Se pensi che comunicazione empatica o non violenta siano solo modalità “cortesi e carine” di rivolgersi alle persone giustificando così la tua aggressività, ti consiglio di approfondire meglio. La comunicazione empatica non è “carina”

Questo tipo di comunicazioni si basano su elementi che affondano nelle radici umane più profonde.

🔸 Essere abili nel riconoscere e comunicare le proprie emozioni e di assumermene la responsabilità senza scaricarla sugli altri.

🔸 Scegliere sempre la non violenza (verbale o fisica) senza sottovalutare l’impatto sugli altri

🔸 Essere assertivi condividendo chiaramente e lucidamente le proprie richieste concrete connesse ai propri bisogni.

🔸 Ascoltare in modo profondo riconoscendo e rispettando i bisogni propri e dell’altro.

🔸 È una scelta di congruenza nel condividere trasparentemente bisogni e sensazioni.

🔸 Sono comunicazioni basate sui fatti e non su pregiudizi, interpretazioni o sulle istanze generate dal rimanere incastrati nelle esplosioni emotive.

E chi ha detto che essere gentili significa non litigare, non arrabbiarsi, non alzare la voce ?
I comportamenti di superficie, falsi e manipolatori fanno parte dei comportamenti violenti, non certo di quelli autenticamente gentili.

In un processo di Dialogo basato sul rispetto, e il desiderio di creare un significato comune, la dinamica del dibattito può essere anche molto accesa e direttiva.
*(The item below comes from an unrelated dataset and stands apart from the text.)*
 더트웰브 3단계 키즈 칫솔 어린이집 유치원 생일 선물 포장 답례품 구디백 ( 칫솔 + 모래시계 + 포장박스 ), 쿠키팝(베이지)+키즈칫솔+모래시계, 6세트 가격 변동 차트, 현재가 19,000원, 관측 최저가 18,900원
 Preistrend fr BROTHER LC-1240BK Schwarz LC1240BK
Ma mai violenta.

Fatta questa premessa e se sei abituato a confrontare il tuo modo violento è aggressivo di comunicare, per convenienza, solo col “garbo”,

prova a raccontarti ancora:

🔸che la tua incontenibile aggressività “è necessaria” e non si tratta magari della frustrazione (che riguarda solo te) in quella situazione e che scegli di usare contro gli altri.
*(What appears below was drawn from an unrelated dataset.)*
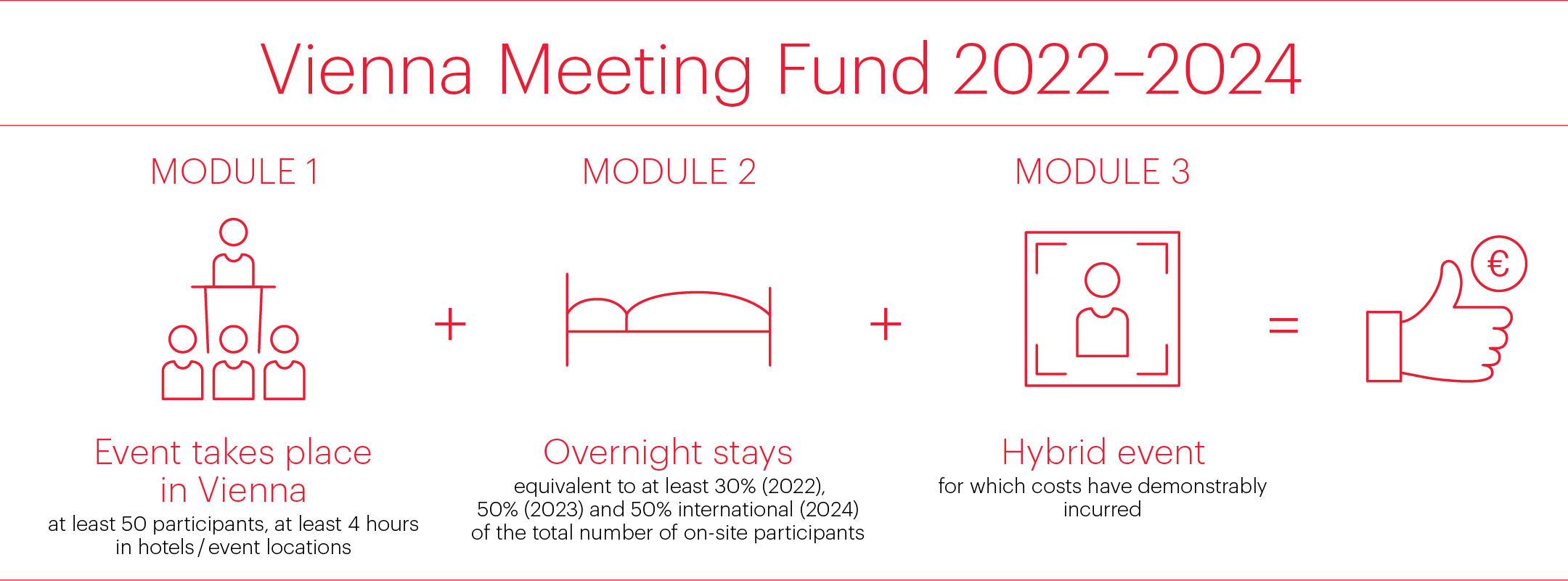 Vienna Meeting Fund 2022-2024 graphic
🔸che “tu sai quello che ci vuole al tuo team” e che “ha bisogno di essere spronato” senza sapere di stare assecondando modalità paternalistiche che de-responsabilizzano ulteriormente un gruppo.
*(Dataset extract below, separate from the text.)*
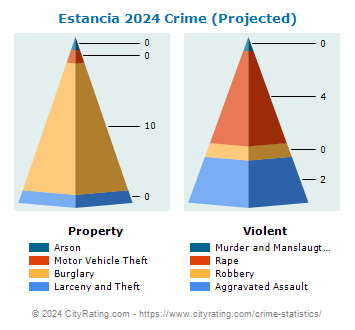 Estancia Crime 2024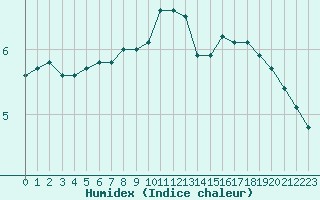 Courbe de l'humidex pour Brigueuil (16)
🔸che è la tua scelta consapevole di leadership invece della paura di ammettere e affrontare la (lecita) difficoltà a creare un contesto relazionale sano e partecipato.

🔸che “sono gli altri la causa” senza assumerti la responsabilità delle tue emozioni.

E mentre sorridi con la coda della bocca (l”ho fatto anche io per anni) e ti pasci del fatto che il tuo team, gestito attraverso comunicazione violenta funziona,

prova a pensare che:

🔸certo, le persone fortunatamente attivano meccanismi di protezione ai tuoi comportamenti cercando di limitare i danni che generi (ma non tutti purtroppo) ma questo genera fatica, consuma, e limita il potenziale.

🔸 le persone vivono in un contesto relazione insicuro e tu ne sei responsabile.

🔸 come curi la tua comunità influenza la società.

Nessuno è santo e le emozioni giocano scherzi a tutti (a me di sicuro, nonostante da anni su di me a questi temi) ma il punto è: cosa stai facendo e in quale direzione stai camminando?

Il primo passo per gli altri è lavorare su di sé.